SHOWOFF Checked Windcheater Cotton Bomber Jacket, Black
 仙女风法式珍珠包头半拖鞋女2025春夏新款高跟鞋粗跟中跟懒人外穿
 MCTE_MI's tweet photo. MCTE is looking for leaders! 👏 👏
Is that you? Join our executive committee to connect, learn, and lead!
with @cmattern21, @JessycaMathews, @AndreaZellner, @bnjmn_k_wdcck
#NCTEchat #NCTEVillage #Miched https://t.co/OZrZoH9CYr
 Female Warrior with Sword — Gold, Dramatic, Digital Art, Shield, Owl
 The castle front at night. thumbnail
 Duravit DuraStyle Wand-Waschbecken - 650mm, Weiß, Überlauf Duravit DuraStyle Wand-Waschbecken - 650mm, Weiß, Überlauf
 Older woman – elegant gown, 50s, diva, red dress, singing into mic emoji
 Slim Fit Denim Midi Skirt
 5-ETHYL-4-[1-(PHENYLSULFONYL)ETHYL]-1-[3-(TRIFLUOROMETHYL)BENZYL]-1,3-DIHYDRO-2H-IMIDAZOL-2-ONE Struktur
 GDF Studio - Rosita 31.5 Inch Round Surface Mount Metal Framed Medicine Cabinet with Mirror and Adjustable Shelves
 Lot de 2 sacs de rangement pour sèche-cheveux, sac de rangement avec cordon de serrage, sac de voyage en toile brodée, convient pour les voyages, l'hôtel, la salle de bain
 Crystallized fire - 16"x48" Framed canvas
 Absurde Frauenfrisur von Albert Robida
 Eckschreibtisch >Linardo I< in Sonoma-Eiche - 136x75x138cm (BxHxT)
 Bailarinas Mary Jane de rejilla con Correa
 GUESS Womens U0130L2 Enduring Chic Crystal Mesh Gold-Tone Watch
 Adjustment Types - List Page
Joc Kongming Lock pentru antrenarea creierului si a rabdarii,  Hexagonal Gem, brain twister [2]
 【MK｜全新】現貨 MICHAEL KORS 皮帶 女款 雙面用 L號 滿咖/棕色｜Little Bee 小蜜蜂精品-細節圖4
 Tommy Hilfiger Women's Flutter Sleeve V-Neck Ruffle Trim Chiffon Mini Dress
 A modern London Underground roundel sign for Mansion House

_AIM OF THE TASK:_ Filter the entries down to the lines with the word "Gold" in them.

_THE ANSWER:_
 Female Warrior with Sword — Gold, Dramatic, Digital Art, Shield, Owl
 GUESS Womens U0130L2 Enduring Chic Crystal Mesh Gold-Tone Watch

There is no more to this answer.